Out-of-Distribution

Shifting our focus to datasets which has more hidden cues in the temporal aspect, we analyze pre-training on SSv2 and finetuning on Diving48. We answer the question; how pre-training on datasets, where appearance (K400) is more important vs temporal (SSv2), affects the performance on target dataset. We show results on R21D network pre-trained on 30k subset for 200 epochs and finetune for 100 epochs.

Table 1: Pretraining on K400 and SSv2 with 30k subset size, finetuning on UCF101/Diving48 using R21D network.

Looking into Table 1, VCOP and RotNet, outperforms the pre-training of K400 with SSv2 by a margin of 6-9% on UCF101, 3-6% on Diving48 dataset.

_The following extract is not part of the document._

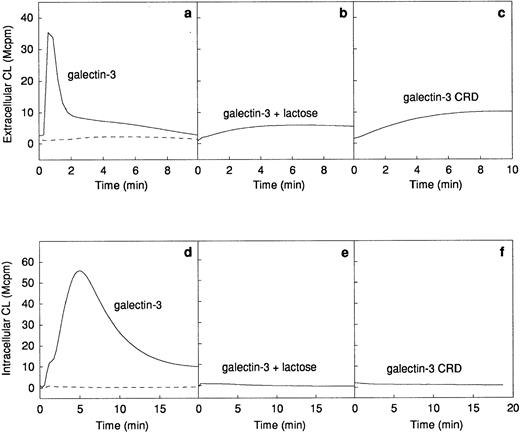 Fig. 2. Galectin-3–induced activation of the NADPH-oxidase in exudated neutrophils. The NADPH-oxidase activity in peripheral blood neutrophils (106 cells; dashed lines) or exudated neutrophils (106 cells; solid lines) was assessed. The figure shows the neutrophil responses to galectin-3 (20 μg/mL; a and d), galectin-3 (20 μg/mL) in the presence of lactose (10 mmol/L; b and e), and collagenase digested galectin-3 (CRD; 20 μg/mL; c and f). The extracellular release of superoxide anion (a through c) was measured in the presence of HRP (4 U) and isoluminol (5 × 10−5 mol/L) while the intracellular production of superoxide (d through f) was measured in the presence of SOD (50 U), catalase (2,000 U), and luminol (5 × 10−5 mol/L). Responses are given as chemiluminescence (CL) units in megacounts per minute (Mcpm).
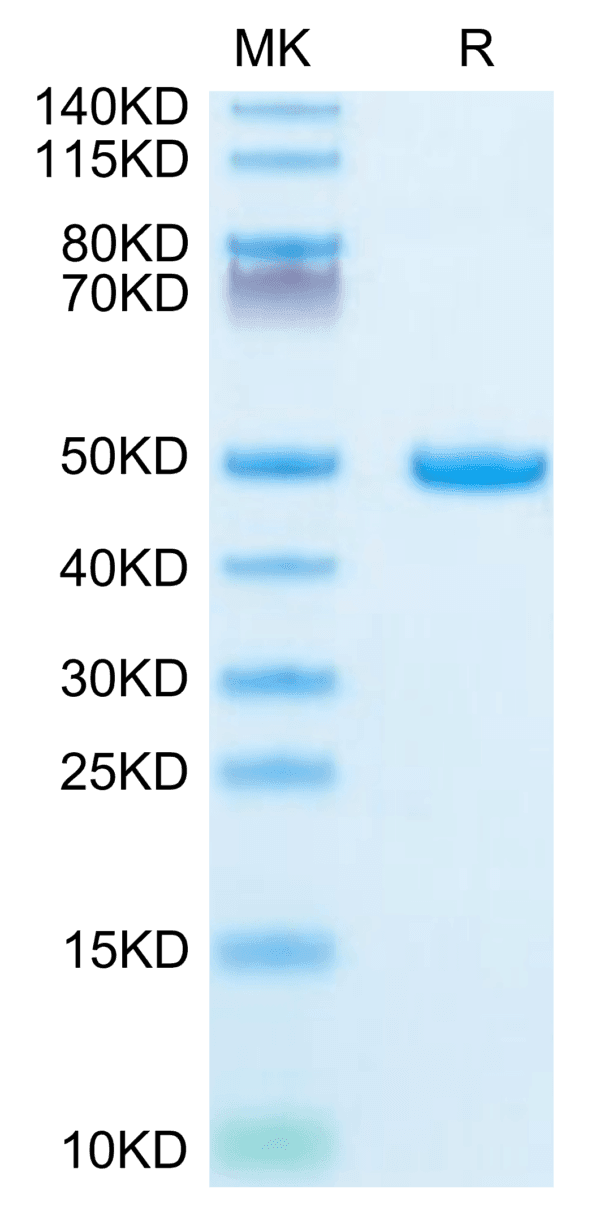 SDS-PAGE gel of Mouse Galectin 1 Protein 3890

In case of CVRL and RSPNet, pre-training with K400 than SSv2 outperforms on both UCF101 and Diving48. The best performance on UCF101 is from RSPNet pre-trained on K400, and, on Diving48, it’s RotNet pre-trained on SSv2.

Figure 1: CKA maps for layer representations: Out of Distribution on VCOP and CVRL for R21D Network (Left to right).

R21D pretrained on K400 shows a semi-block structure for VCOP, indicating near-saturation condition of the network on this pretext task. It shows a more prominent grid-based structure on CVRL and RSPNet instead. These observations corroborate the quantitative results, where pre-training on K400 for both CVRL and RSPNet gives better performance.

Inferences

Among non-contrastive tasks (VCOP and Rot), better features are learnt with SSv2 as pre-training dataset, whereas, the scenario is reversed for contrastive tasks. Looking at the best performance, pre-training on K400 performs better on UCF101 than SSv2 and vice versa for Diving48. Thus, we can deduce that pre-training on appearance vs temporal based dataset matters.